"Don't put all your bits in one basket!"
Consider the following scenario:
Three friends share a secret - like a cryptographic key. They all wish to hold this key so they make their own copy of it. Now that each friend have one of the tree identic keys, they can all access the data it protects. However, if one of these friends turn rouge or is robbed of the key, their secret is compromised and lost.
Next time the tree friends shares a secret they make their own unique key. All the three different keys are needed to unlock the secret. If one of the friends turn rouge, gets robbed or otherwise expire, they instead all lose access to the secret altogether!
BitFrag solves this.
BitFrag is a library and utility for splitting data into a set of fragments (called clusters). The twist to these clusters is that upon its creation a set of parity fragments are additionally generated. This allows for some of the fragments to be lost, tampered with or otherwise corrupted without compromising the cluster.
Details and terminology
The original data is fragmented (or fragged) into fragments. A fragment is some portion of the data or a parity fragment (which is a special sum of the other fragments). A set of fragments (that corresponds to the same original data) is considered to be a cluster. A cluster can regenerate the original data if sufficient fragments are provided. Fragments can be exported, distributed and imported by a data structure standard called the fragment format.
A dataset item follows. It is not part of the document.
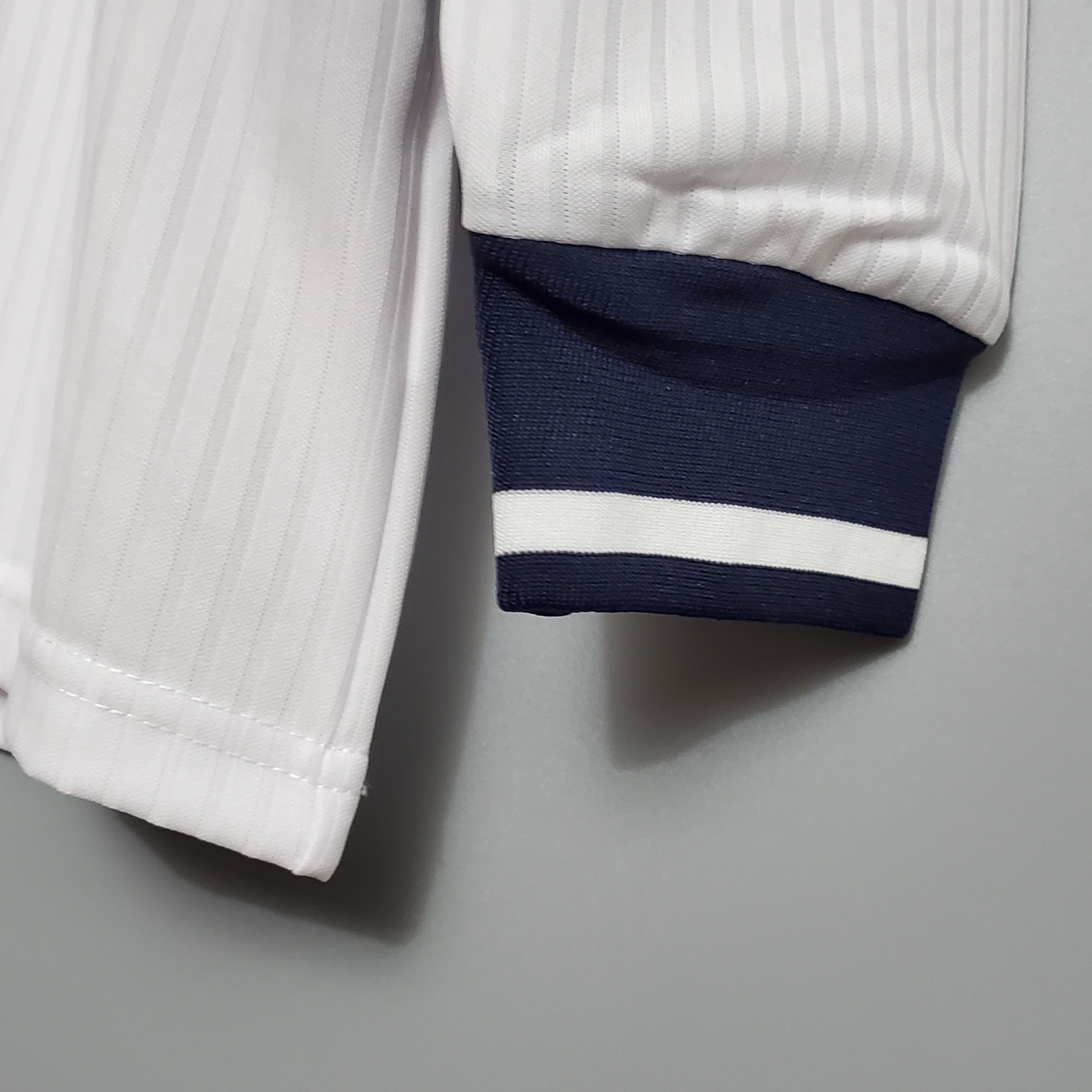 1998 England World Cup Home Retro Jersey Long Sleeve - view 9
BitFrag works with any arbitrary data but some specific applications that comes to mind are
- Cryptographic key management.
- Long-term storage of critical data.
- Fault/tamper tolerant P2P communication.
- Network traffic obfuscation.
This project arose out of a simple idea and prospered into an idea of bigger picture. The code is still in its early versions.
- The final algorithm is not yet written. As of now, a much simpler version of the algorithm is implemented as a proof of concept prototype.
- The code structure is brief.
- The fragment format is preliminary.
- Adequate testing needs to be automated.
- The code structure should be refactored to better allow extension and usage of the code as an API.
- Additional modules for some of the less trivial common operations.
- Add consensus check with cross-regeneration.
- Stream mode (as opposed to only block mode as of now).
- Performance optimizations when dealing with large data sets.
- Implement the fully functional algorithm.